9. Reservation and Availability of Preferred Shares.
(a) The Company covenants and agrees that it will use its best efforts to cause
to be reserved and kept available out of its authorized and unissued Preferred
Shares not reserved for another purpose (and, following the occurrence of a
Triggering Event, out of its authorized and unissued Common Shares and/or other
securities), the number of Preferred Shares (and, following the occurrence of
the Triggering Event, Common Shares and/or other securities) that will be
sufficient to permit the exercise in full of all outstanding Rights.
(b) If the Company shall hereafter list any of its Preferred Shares on a
national securities exchange, then so long as the Preferred Shares (and,
following the occurrence of a Triggering Event, Common Shares and/or other
securities) issuable and deliverable upon exercise of the Rights may be listed
on such exchange, the Company shall use its best efforts to cause, from and
after such time as the Rights become exercisable (but only to the extent that it
is reasonably likely that the Rights will be exercised), all shares reserved for
such issuance to be listed on such exchange upon official notice of issuance
upon such exercise.
(c) The Company shall use its best efforts to (i) file, as soon as practicable
following the earliest date after the first occurrence of a Triggering Event in
which the consideration to be delivered by the Company upon exercise of the
Rights is described in Section 11(a)(ii) or Section 11(a)(iii) hereof, or as
soon as is required by law following the Distribution Date, as the case may be,
a registration statement under the Securities Act with respect to the securities
purchasable upon exercise of the Rights on an appropriate form, (ii) cause such
registration statement to become effective as soon as practicable after such
filing and (iii) cause such registration statement to remain effective (with a
prospectus at all times meeting the requirements of the Securities Act) until
the earlier of (A) the date as of which the Rights are no longer exercisable for
such securities and (B) the date of expiration of the Rights.
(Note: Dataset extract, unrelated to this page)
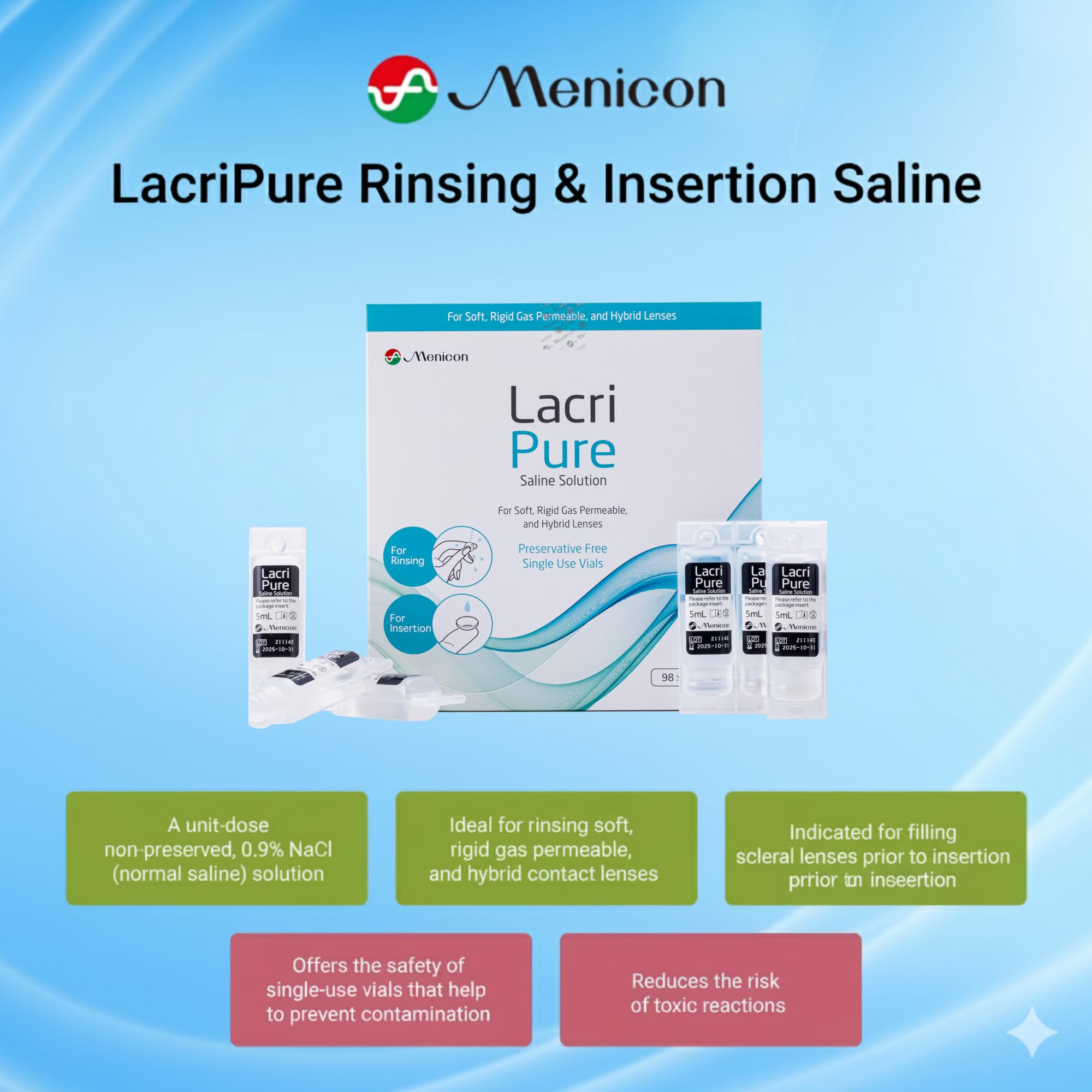 Menicon LacriPure Saline Contact Lens Solution Rinse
The Company may
temporarily suspend, for a period not to exceed ninety (90) days after the date
set forth in clause (i) of the first sentence of this Section 9(c), the
exercisability of the Rights in order to prepare and file such registration
statement and permit it to become effective. Upon any such suspension, the
Company shall issue a public announcement stating, and notify the Rights Agent,
that the exercisability of the Rights has been temporarily suspended, as well as
a public announcement and notification to the Rights Agent at such time as the
suspension is no longer in effect. The Company will also take such action as may
be appropriate under, or to ensure compliance with, the securities or "blue sky"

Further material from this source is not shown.